The motivations for activating a European memory with Christian connotations are of various types. They can be understood at the level of the EU as a political system; in the articulation of the national and the European; and in the to and fro of everyday politics. At a systemic level, the main objective is to endow the EU with a founding myth which is distinct from national histories and which predates them, thus justifying an autonomous European political system. There may also be an attempt to define the historical criteria for belonging to a European cultural community. Societies and populations can be placed in a hierarchy on the basis of these criteria: as longstanding or new member states which have undergone or avoided subjection to communist, atheistic materialism; their historical roles as central heartlands or advanced bastions of Christianity; their level of religiosity/secularisation and/or their dominant religious denomination. They may also be excluded. In articulating the national and the European, religion can serve as an adjustment or resistance variable when adapting national identity to the context of European integration. France, with its secular tradition, opposes any mention of the Christian heritage in European treaties in the name of Enlightenment principles, which are the foundation of its Republican identity.

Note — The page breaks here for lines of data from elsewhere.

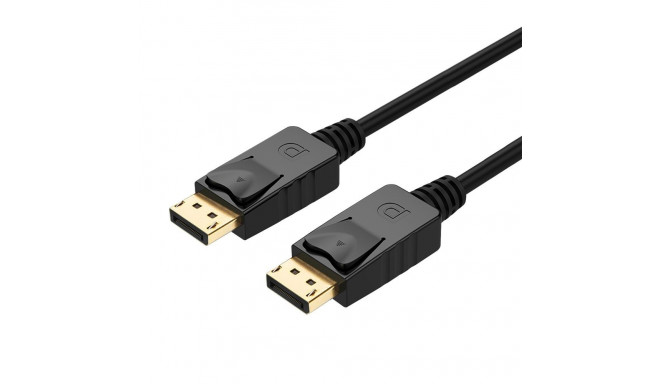 UNITEK Y-C609BK DisplayPort cable 3 m Black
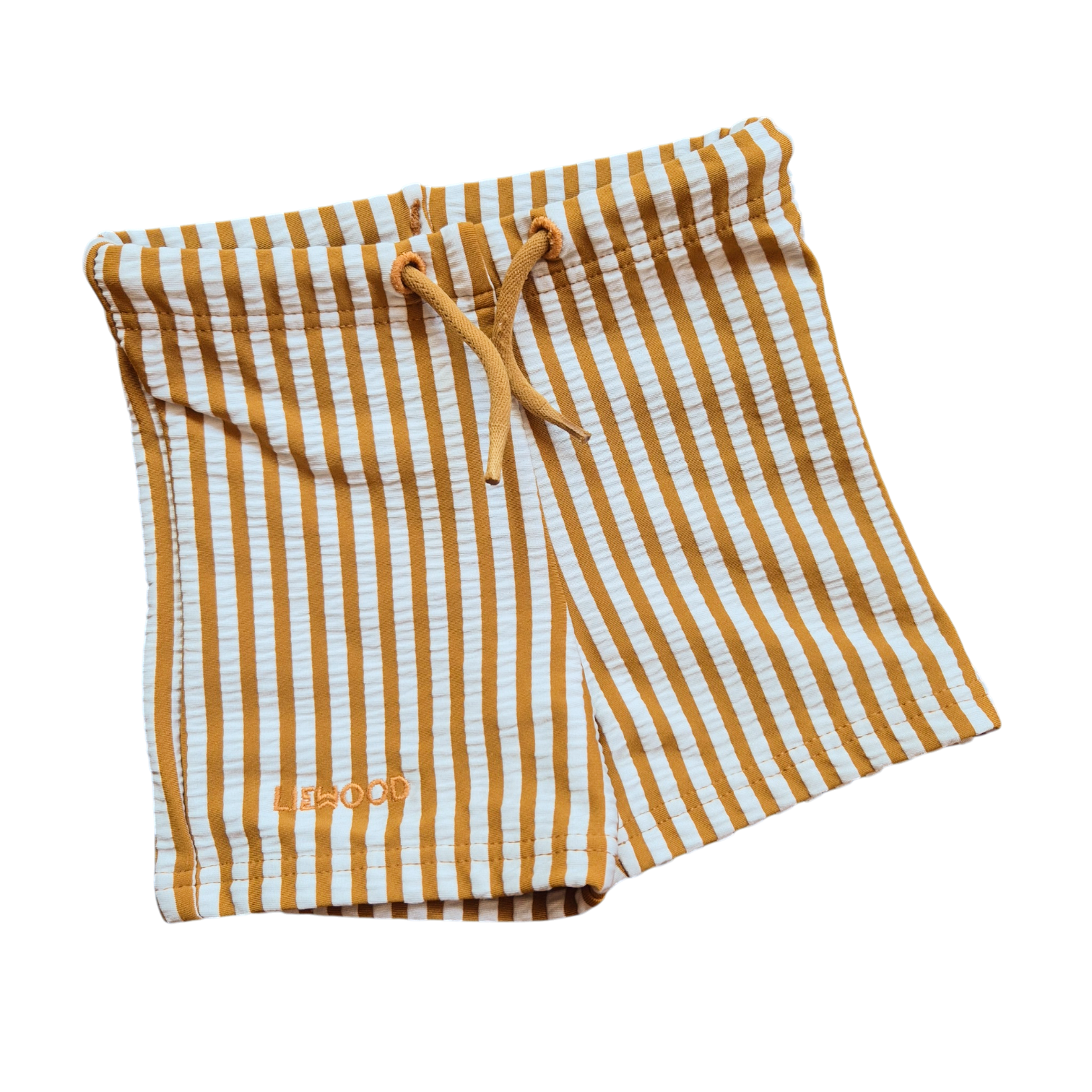 LIEWOOD Badeshorts creme senfgelb 68/74
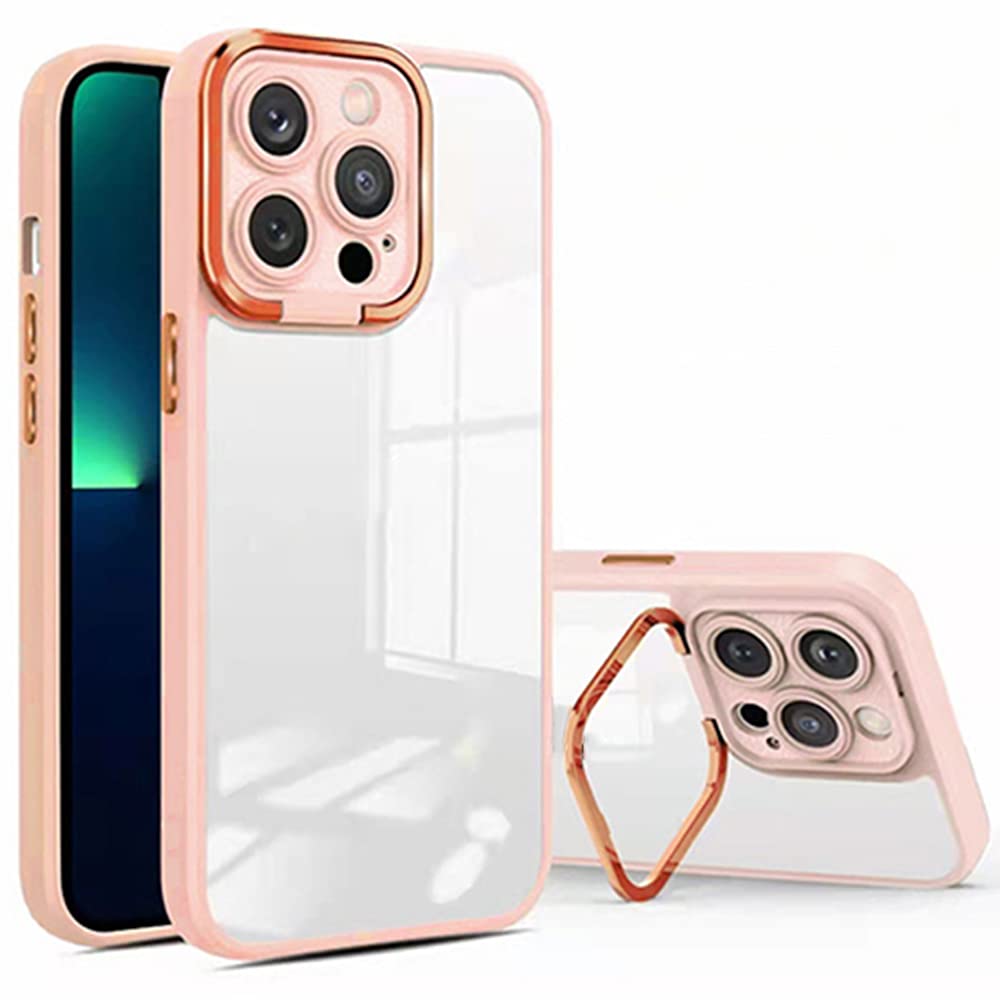Amazon.co.jp: iPhone 13 Pro Max ケース スタンド付き リング ハード 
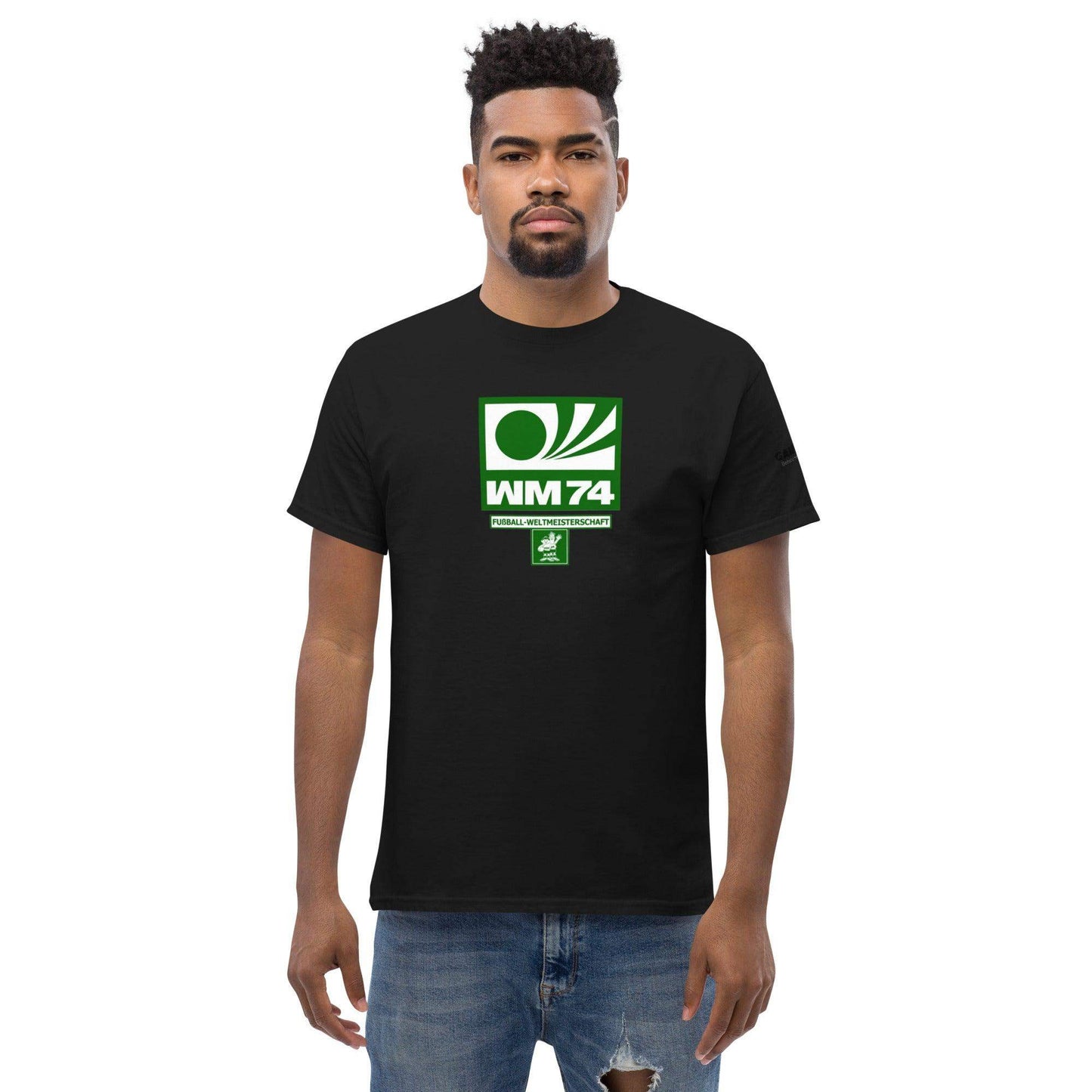 West Germany World Cup 1974 t-shirt by Game Yarns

In contrast, during the Lautsi affair, Italy defended the cultural meaning of crucifixes displayed in classrooms as symbols of national identity. Finally, at the level of the Brussels political game, the churches’ demand for recognition of the primacy of Christian values over time aims at more than an acknowledgement of a historical fact. If one subscribes to the idea that the Rights of Man derive from Christianity, the next stage is to recognise a preponderant place for church guardians of the Christian tradition in deliberations over the public good, while also granting special influence over public policy choices to collective preferences informed by Christian values. Finally, religion can also be used to criticise European integration in part or in its entirety. Invoking the Christian foundations of European civilisation confers an authority with which to challenge the excessive materialism or cultural liberalism (on abortion, homosexuality, etc.) of Community policies as a betrayal of common European origins. This may provide an argument for justifying or disqualifying the candidature of an accession state or for solidarity with a population elsewhere in the world that is being persecuted for its convictions.[4]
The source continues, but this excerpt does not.